**Exercise:** An exact transcription is needed, beginning at the line with "Ketchikan, Alaska Shore" and ending at the last line of the listing, with pictures left out and nothing else added.

**Information shown:**
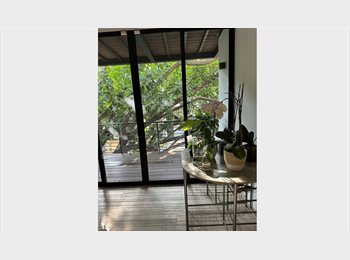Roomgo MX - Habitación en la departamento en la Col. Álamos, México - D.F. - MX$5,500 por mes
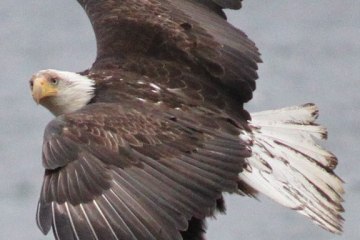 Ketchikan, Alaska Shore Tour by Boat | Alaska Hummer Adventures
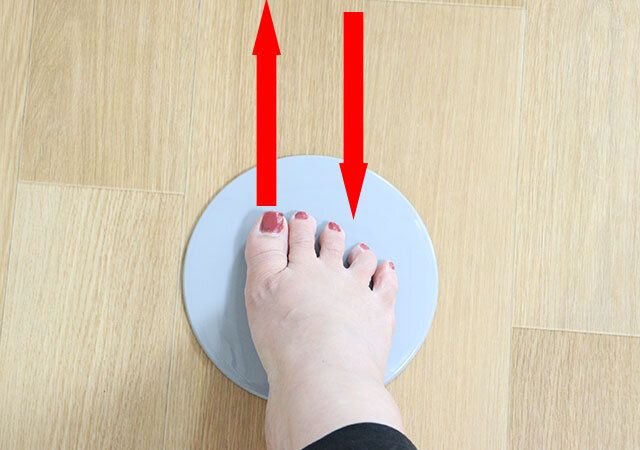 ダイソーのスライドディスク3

**Output below:**
 Ketchikan, Alaska Shore Tour by Boat | Alaska Hummer Adventures
 ダイソーのスライドディスク3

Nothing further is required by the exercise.